The leaders struggled to reach concrete resolutions at their summit in the French resort of Cannes that has focused on Greece's political turmoil and worries about Italy that are threatening the world economy.
``It's important that the IMF sees its resources reinforced,'' European Commission President Jose Manuel Barroso told reporters.
European Council President Herman Van Rompuy, left, and European Commission President Jose Manuel Barroso participate in a media conference at a G20 summit in Cannes, France on Friday. (AP-Yonhap News)
He said that Italy had also asked the IMF for help monitoring its budgetary and structural reforms. Doubts have grown over whether Italian Prime Minister Silvio Berlusconi will have the political strength to implement promised reform measures meant to revive the country's lackluster economy and bring down its massive debt.
Leaders of the world's biggest economies were focusing on strengthening the IMF as they scrambled for ways to help Europe contain its raging debt crisis without worsening their own money troubles. European and non-European countries disagree about how to better use the IMF _ the institution that was set up as the lender of last resort for struggling governments after World War II _ to help.

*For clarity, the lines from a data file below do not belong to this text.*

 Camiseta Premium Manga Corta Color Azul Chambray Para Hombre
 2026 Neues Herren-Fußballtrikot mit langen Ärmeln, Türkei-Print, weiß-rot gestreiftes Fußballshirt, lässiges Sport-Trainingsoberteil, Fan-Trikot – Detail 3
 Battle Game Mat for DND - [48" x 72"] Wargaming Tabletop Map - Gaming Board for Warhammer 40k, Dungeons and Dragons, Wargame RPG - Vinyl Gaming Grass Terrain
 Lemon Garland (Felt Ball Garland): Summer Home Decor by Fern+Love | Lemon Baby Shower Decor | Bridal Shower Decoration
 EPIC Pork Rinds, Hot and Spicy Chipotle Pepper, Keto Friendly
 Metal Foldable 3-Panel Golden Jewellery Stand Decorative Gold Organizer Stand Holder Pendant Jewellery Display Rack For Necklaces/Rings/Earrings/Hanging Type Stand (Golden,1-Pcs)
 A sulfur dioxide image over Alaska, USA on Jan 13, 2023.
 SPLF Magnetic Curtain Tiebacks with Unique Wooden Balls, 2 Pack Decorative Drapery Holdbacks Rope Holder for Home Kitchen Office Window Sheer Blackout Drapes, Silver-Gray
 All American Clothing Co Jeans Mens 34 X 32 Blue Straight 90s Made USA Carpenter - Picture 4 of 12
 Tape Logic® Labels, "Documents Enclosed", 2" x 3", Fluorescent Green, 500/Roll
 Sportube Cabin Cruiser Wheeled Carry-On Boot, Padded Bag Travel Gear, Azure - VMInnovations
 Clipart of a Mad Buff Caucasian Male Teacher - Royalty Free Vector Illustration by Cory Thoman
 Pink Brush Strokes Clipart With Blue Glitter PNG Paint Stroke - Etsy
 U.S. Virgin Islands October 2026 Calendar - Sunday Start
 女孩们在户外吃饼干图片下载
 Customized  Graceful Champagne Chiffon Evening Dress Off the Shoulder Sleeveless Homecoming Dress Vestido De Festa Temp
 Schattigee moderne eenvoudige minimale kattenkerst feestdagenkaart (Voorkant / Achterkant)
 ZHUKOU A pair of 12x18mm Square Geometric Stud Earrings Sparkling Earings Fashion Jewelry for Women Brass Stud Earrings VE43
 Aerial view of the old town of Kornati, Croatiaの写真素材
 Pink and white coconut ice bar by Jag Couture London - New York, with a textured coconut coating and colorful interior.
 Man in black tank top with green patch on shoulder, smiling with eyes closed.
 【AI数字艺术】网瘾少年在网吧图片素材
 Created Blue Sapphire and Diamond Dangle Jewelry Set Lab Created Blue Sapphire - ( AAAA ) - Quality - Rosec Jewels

With their own finances already stretched from bailing out Greece, Ireland and Portugal _ and traditional allies like the United States wrestling with their own problems _ eurozone countries are looking to the IMF to use its resources and rescue experience to help prevent the debt crisis from spreading to large economies like Italy and Spain.
But within the IMF, the powers have shifted.
Until two years ago, the IMF _ dominated by the traditional powers in Europe and the U.S. _ mostly applied the painful adjustment programs that are attached to its financial lifelines to poor and emerging economies in Asia, Latin America and Africa.
Now, it's growing powers like China, Brazil and South Africa that have to decide whether helping Europe is a worthy investment.